Theodore Dalrymple

Black-eyed monster

Theodore Dalrymple observes an increase in sexual jealousy and the violence that follows

issue 26 July 2003

If you exclude the hypothesis that most British official statistics have been manipulated for one political purpose or another, the latest crime figures appear strange and mysterious: while crimes of violence against the person have risen by 20 per cent in a single year, other forms of crime have fallen somewhat. Since most serious crimes are committed by people who also commit many lesser crimes, and clear-up rates are at an all-time low, the figures are surprising, to say the least.

The most parsimonious explanation I can think of (other than that people now know there is no point in reporting lesser crimes to the police unless it be for insurance purposes) is that the government wants things to look serious enough for it to be allowed to continue to erode genuine civil liberties – simultaneously continuing to confer scores of bogus ones upon us – while at the same time presenting its fight against crime as a success.
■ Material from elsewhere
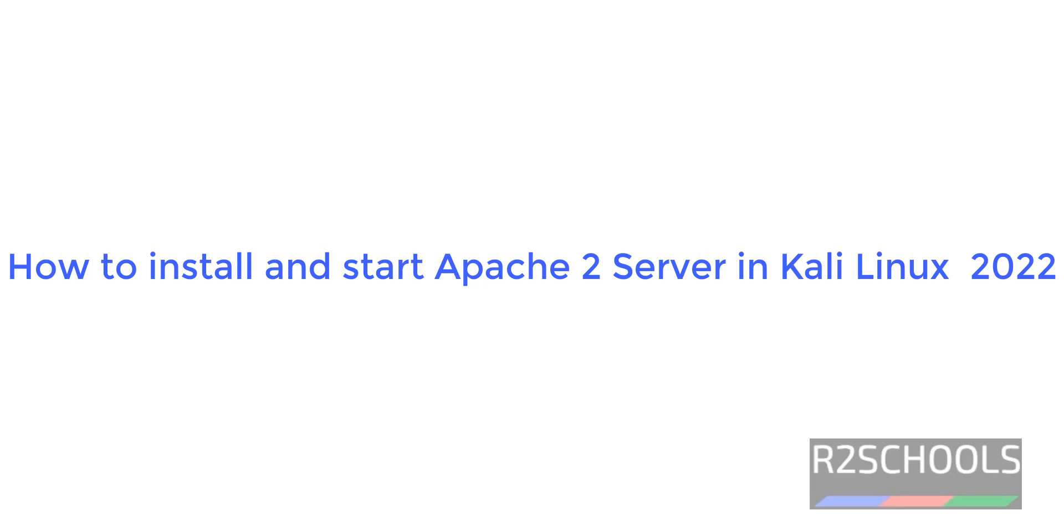Hello guys, in this video we will see how to install Apache2 server on Kali Linux 2022.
Be that as it may, I am perfectly satisfied that the level of violence in our society has increased, is increasing, and ought to be reduced. And one of the reasons for the increase is the sexual revolution: from the sexual point of view (and indeed from several others) much of Britain appears like a zoological garden in which the cages have been unlocked and from which the zoo-keepers have fled. It used to be the case that morbid jealousy was an uncommon condition: so uncommon, in fact, that the Othello syndrome was included as a chapter in a book entitled Uncommon Psychiatric Syndromes, written by two eminent British psychiatrists, Enoch and Trethowan. But just as satire has a habit these days of turning into prophecy, so rare conditions sometimes become common ones, indeed – in this case – very nearly the norm.